Michael Gove claimed last week that if the UK stays in the EU it will be a “hostage” at the mercy of “EU bosses and bureaucrats”. Vote Leave’s campaign chief is particularly angry with the Charter of Fundamental Rights set out in the EU’s Lisbon Treaty and the way the European Court of Justice (ECJ) is allegedly using it to grab more power from Britain.
But Gove is wrong on the basic principles and misleading about their application to the UK. He made no fewer than six inaccurate statements.
“The ECJ has now informed us that our opt-out [to the Charter of Fundamental Rights] was worthless”
There was never an opt-out. The UK secured a declaration to the EU’s treaty making it clear that the Charter is part of EU law, and that it does not “extend” the court’s ability to find British laws inconsistent with fundamental human rights. In other words, it didn’t change the previous status quo. Tony Blair did describe this declaration as an opt-out, but in reality it never constituted one. It would be fair for Gove to criticise Blair for this. But Gove’s criticism of the ECJ is misplaced – this is not evidence of an ECJ power grab.
“The ECJ can now control how all member states apply the crucial 1951 UN convention on asylum and refugees”
Far from “losing control”, as Gove says, the UK has, using its prerogatives under the Lisbon Treaty, chosen to opt into some, though not all, EU asylum legislation. Gove is right that EU asylum law must, under the EU Treaties, comply with the UN convention. But national governments and courts decide how to apply the rules to any particular case. The UK is directly bound by the UN convention, and would remain bound even after Brexit – the UK’s own courts would be likely to continue to follow ECJ case-law.
“It can determine how our intelligence services monitor suspected terrorists”
The ECJ judgment to which Gove refers, known as Digital Rights Ireland, did not concern a UK law about powers to monitor suspected terrorists. Rather, the ECJ struck down an EU directive requiring service providers to retain telecommunications data. The ECJ would not be able to make judgements on how intelligence agencies operate, for example under the “Five Eyes” agreement mentioned by Gove, since national security falls outside the EU’s power.
Gove also cites a related UK case where MPs David Davis and Tom Watson sought to overturn the UK’s own surveillance law, the Data Retention and Investigatory Powers Act 2014. UK courts have referred that issue to the ECJ. While the ECJ’s final verdict will not be known until after the referendum, in the meantime the UK Court of Appeal has noted “it is … common ground that EU law has not harmonised the law on access to communications data by the police or intelligence services”, as this would fall outside the scope of EU law. We give the Court of Appeal’s view more weight than that of Gove.
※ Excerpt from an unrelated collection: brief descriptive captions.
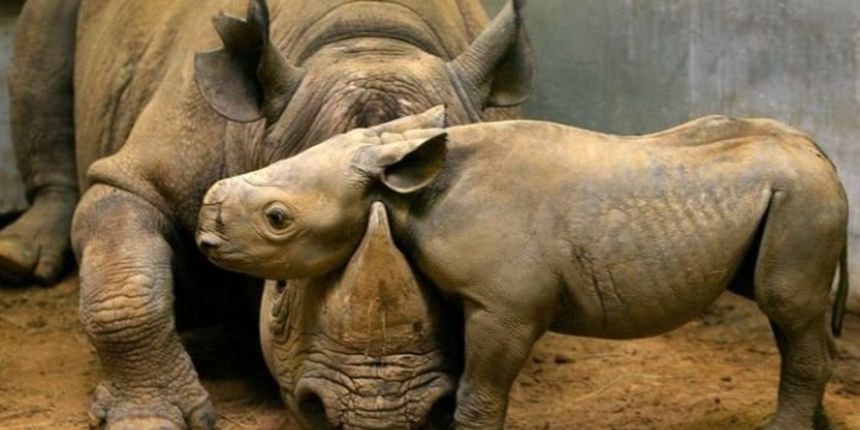 Te čudesne životinje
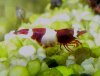 P1090046 Red Bee 1.jpg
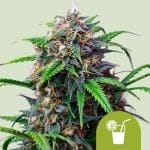 Purple Lemonade Auto Féminisée Semences-RQS-PURLEM-AUTO-FEM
“The European Court … will decide the issue of whether convicted felons can vote and if so how far this right should be extended”
The European Court of Human Rights – which is not part of the EU – has said that Britain’s current blanket ban on prisoners voting in general elections is contrary to the European Convention on Human Rights. But this is a separate institution irrelevant to the referendum.
The case Gove cites in a footnote refers to the ECJ, which is an EU institution. The ECJ held that the ability to vote in European Parliament elections was a matter of EU law, but upheld the French legislation that precluded a prisoner from doing so. It made no claim to have jurisdiction over rights to vote in national elections, which are clearly outside the scope of EU law.
“The European Court will decide whether we can deport Abu Hamza’s daughter-in-law”
There is as yet no judgment in this case, but the Advocate General’s opinion considers that there are public security grounds for deporting this person and suggests that it is up to the UK court to determine the issue.
The Court “has even used the Charter to increase the price of insurance for women”
That is tendentious: the case could equally well be characterised as reducing the price of car insurance for men. In reality, the ECJ struck down an EU Directive for violating the principle of gender equality.
Gove imagines himself to be a knight in shining armour leading the UK to a “liberating” moment of “patriotic renewal”. But, like Don Quixote, his mind has been addled by reading too much fantasy: in reality he is tilting at windmills.